The string after -matrixF specifies the file storing the feature-gene matrix we will use in Genvisage. The first row in the file depicts the feature names. Afterwards, each row in the file represents a gene, starting with the gene name, followed by the feature values separated by comma. Please refer to our sampled feature-object matrix for example.
The default experiment discriminates the input positive genes from all the remaining genes in the feature-gene matrix. The string after -expF specifies the file storing the positive gene set. Each row in the file is a gene. Please refer to our provided positive gene set.
The user can perform Genvisage to discriminate an input positive gene set from another input negative gene set, by adding "-pos_neg" in the command line and specifying the positive gene get file after "-expF" and negative gene set file after "-expF2". An example command is as below:
./rocchio -matrixF /path/to/your/feature-matrix -pos_neg -expF /path/to/your/positive-gene-set -expF2 /path/to/your/negative-gene-set -outDir /path/to/your/output_fir -weighted -earlyT -sortG
The string after -outDir specifies the directory to store the output files, e.g., top_k single feature, top-k feature pairs, running time, etc.
In order to handle inbalance between the number of positive genes and negative genes, we can add "-weighted" in the run command such that the weighted number of positive genes and negative genes are the same. This is particular useful when the input positive gene size is in hundreds, while the remaining negative gene size is in tens of thousands.
This flag enables early termination by maintaining an upper bound for the separability error of the top-k feature pairs and thus can terminate early when a feature pair's error exceeds this upper bound.
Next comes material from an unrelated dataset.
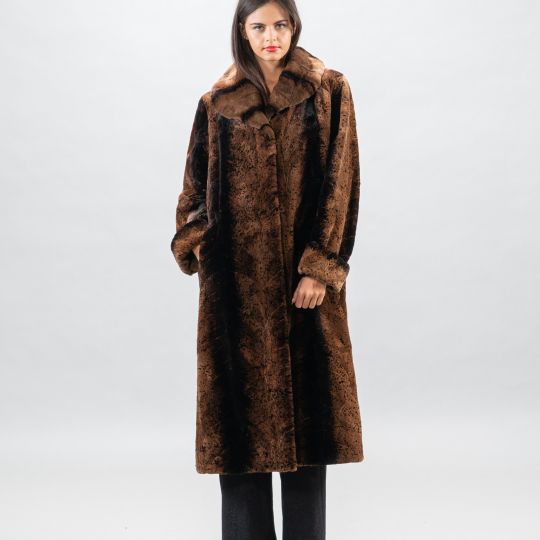 Golden Raccoon Fur Coat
This flag is used in EarlyOrdering Mode
This flag enables gene sorting based on single feature property before evaluating each feature pair, such that the algorithm can first examine the "problematic" genes and thus enhance the EarlyOrdering Mode.
This flag corresponds the SampOpt Mode.
Instead of evaluating all possible feature pairs, it greedily only examines a subset of (e.g., 500,000) feature pairs for possible candidates. This number is specified after "-Fconsider".
This flag first sort features based on single feature property, and then traverse the feature pairs in this sorted feature ordering. This is especially useful when we only consider a subser of feature pairs as the candidates, i.e., -Fconsider, since "-sortF" essentially helps select the good candidate feature pairs.
This flag defines the feature pair traversal ordering. In vertical traversal, we require both features perform well on their own in order to form a feature pair candidate. The default is horizontal traversal as in HorizSampOpt Mode, where at least one feature performs well on its own and we pair it with all other features and form a feature pair candidate. This flag is usually coupled with "-sortF", otherwise, different traversal mechanism is simply randomly picking feature pairs.